START Data records

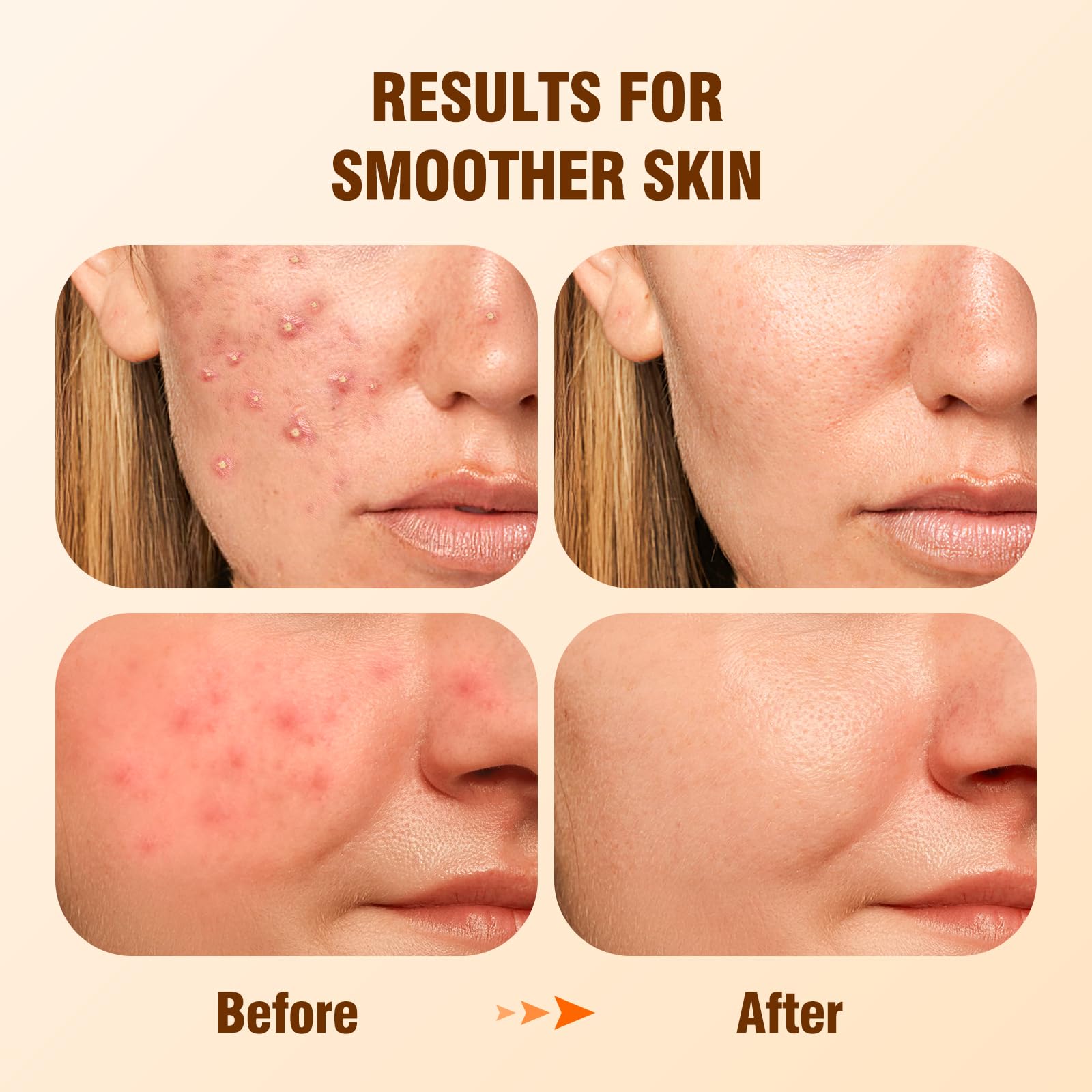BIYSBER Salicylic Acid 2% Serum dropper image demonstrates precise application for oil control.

END Data records
START Data records

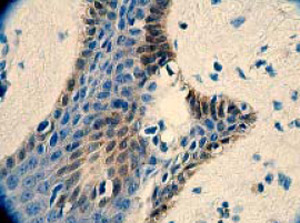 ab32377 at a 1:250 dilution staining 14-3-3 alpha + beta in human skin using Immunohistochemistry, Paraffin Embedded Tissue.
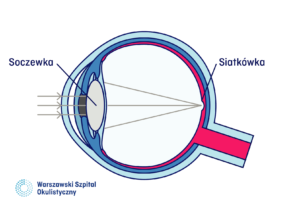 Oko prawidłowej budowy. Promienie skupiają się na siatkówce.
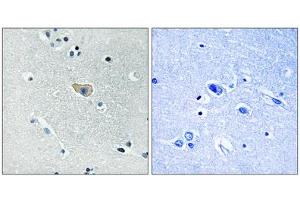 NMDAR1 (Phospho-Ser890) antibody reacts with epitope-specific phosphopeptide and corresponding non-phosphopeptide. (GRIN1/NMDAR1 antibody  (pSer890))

END Data records
START Data records

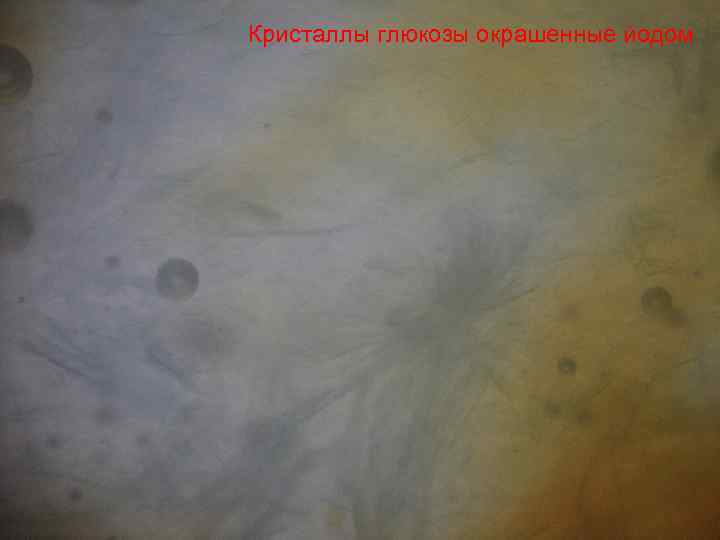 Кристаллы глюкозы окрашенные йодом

END Data records

Only one part of the material above is wanted: the lines from the one with "Oko prawidłowej budowy." up to and including the one with "NMDAR1 (Phospho-Ser890) antibody". Please copy them exactly, pictures left out.

◆ Solved problem
 Oko prawidłowej budowy. Promienie skupiają się na siatkówce.
 NMDAR1 (Phospho-Ser890) antibody reacts with epitope-specific phosphopeptide and corresponding non-phosphopeptide. (GRIN1/NMDAR1 antibody  (pSer890))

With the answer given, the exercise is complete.